I mean, look at it this way, it is in the exact spelling of whiskey. The Irish love a little flare, which is why our whiskey spelling adds an extra if not necessarily needed, E., Unlike the Scots, who like to keep it simple without adding the extra E.
If Northern Irish whiskey was not considered Irish, do you think we would spell it that way?
Also, we love to shout from the rooftops about our Irish accolades and if that includes boosting the ego of our Northern Irish brothers and sisters, you can bet we are going to do it.
What Whiskey Is Made In Northern Ireland?
Ireland’s east coast features a plethora of whiskey distilleries, many of which include a tour or two to get you in touch with the whiskey roots of Ireland.
But, if you mean what famous whiskey is made in Northern Ireland? Well, I can tell you that one.
Bushmills distillery is one of the most famous Northern Irish whiskey distilleries. Some say it is the best Irish whiskey, but you must discover it yourself.

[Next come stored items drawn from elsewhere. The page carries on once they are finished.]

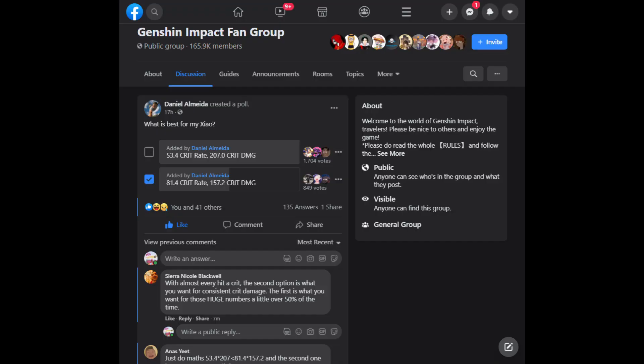This video is a response to a question in the Genshin Impact fan group, which is not only interesting but also useful for many of us players. The poster asks people to vote on what is best for his character seal: Choice A — 53.4% critical rate with 207% critical damage, or Choice B — 81.4% critical rate with 157.2% critical damage.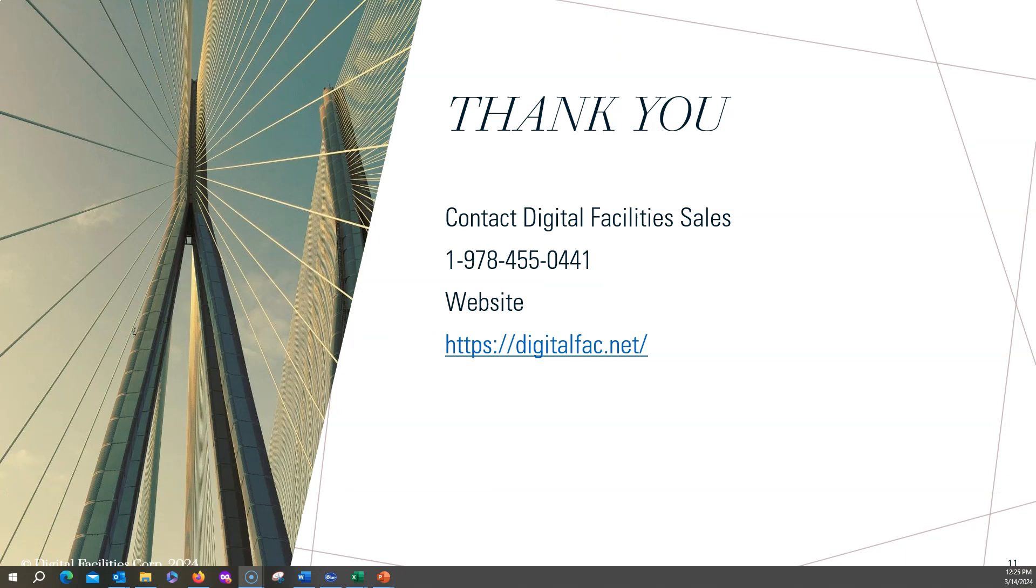Thank you for watching this video. To contact Digital Facility Sales, you can give us a call at the office and ask for sales, or you can go to our website and use our contact me form at digitalfac.net. We look forward to hearing from you.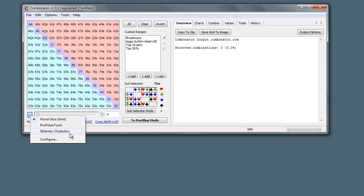Sklansky Chubukov is a ranking made by David Sklansky and Chubukov - I hope I'm pronouncing those names right - and that's based I think on all-in heads-up, all-in preflop equity.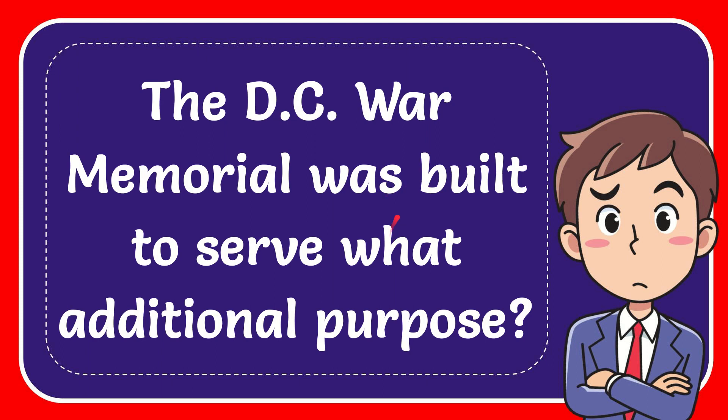In this video, I'm going to give you the answer to this question. The question is, the DC War Memorial was built to serve what additional purpose?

Considered the oldest licensed distillery in the world, Bushmills really is a rare gem, and the Irish are very proud of it. Plus it is located near the UNESCO world heritage site, the Giants Causeway.
But don’t stop there. Bushmills isn’t the only whiskey worth savoring when you visit Northern Ireland. There are around 13 Irish whiskey distilleries, each with its own flavor notes and histories and they are all well worth a visit if you are a lover of whiskey.

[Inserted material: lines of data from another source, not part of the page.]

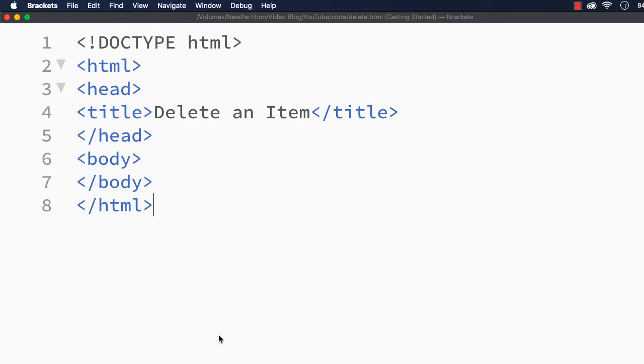In this video, let me show you how to delete an element from an array. That is, we are going to remove the required item from the array. For this, we are going to make use of the splice method offered by JavaScript.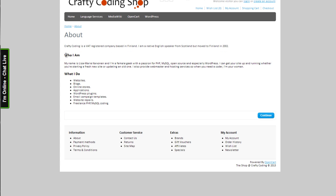And so there we have it. Now we have headers and we don't have problems with fonts. Feel free to come and visit me at craftycoding.com. And I'm always available for code modifications and for installations and pretty much anything. Thank you for watching.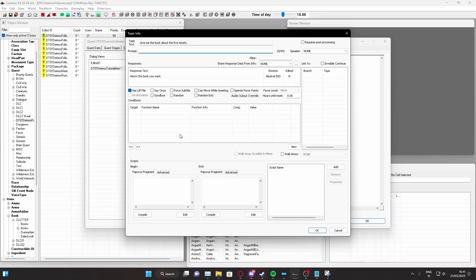Now then, when this certain dialogue and topic is created, we want to give this certain book to our player character. We will do that by using a papyrus fragment.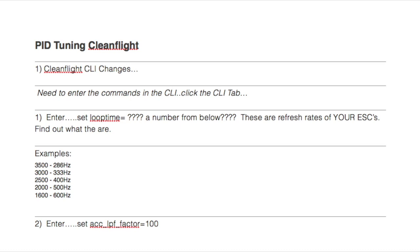I want to start off by showing you a couple of things you need to do in CleanFlight. Number one, you need to change some CLI commands. The first one you need to change is your loop time — each ESC has its own designated loop time based on its refresh rate. Number two, also change the loop factor.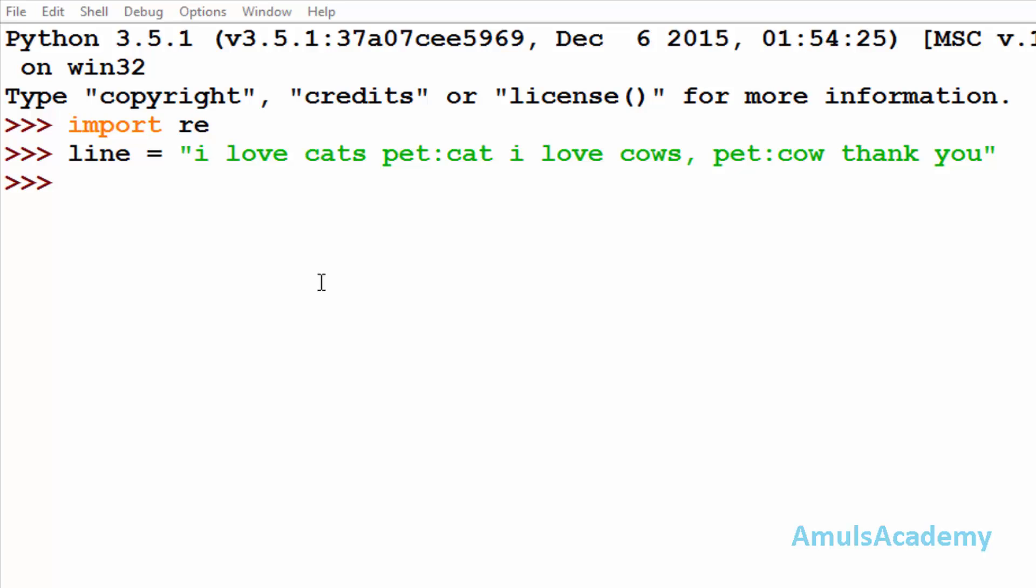Hello guys and welcome to Python programming tutorials by Amuls Academy. In the previous tutorials we were discussing about the regular expression functions and we discussed about the search, match, and find all functions.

What Distilleries Are In Northern Ireland That You Can Visit?
So, you’re planning a trip around Northern Ireland’s whiskey trail and want to know every whiskey stop you need to see. I have covered you with a list of the eight must-visit Northern Irish Whiskey distilleries, from award-winning brands to distilleries located at the very northern tip of the country.
Let’s get your whiskey vacation off to an awesome start.
1. Hinch Distillery, Ballynahinch
Only a short stop south of Belfast city, Hinch distillery can be found on the rather scenic Killaney Estate. Winner of the best tourism experience at Tourism Northern Ireland’s Giant Spirit Awards in 2022, their tasting tours aren’t to be missed.
One of Ireland’s newest distilleries, the Hinch Distillery has made a real impact on the Irish Whiskey scene. Their triple-distilled whiskey used malted barley and water from the Mourne Mountains, alongside traditional mashing processes, to create a really recognisable whiskey.
Plus, if you have a travel companion who is more of a gin-fellow, they will love Hinch Distillery because they also craft an award-winning Irish gin, Ninth Wave.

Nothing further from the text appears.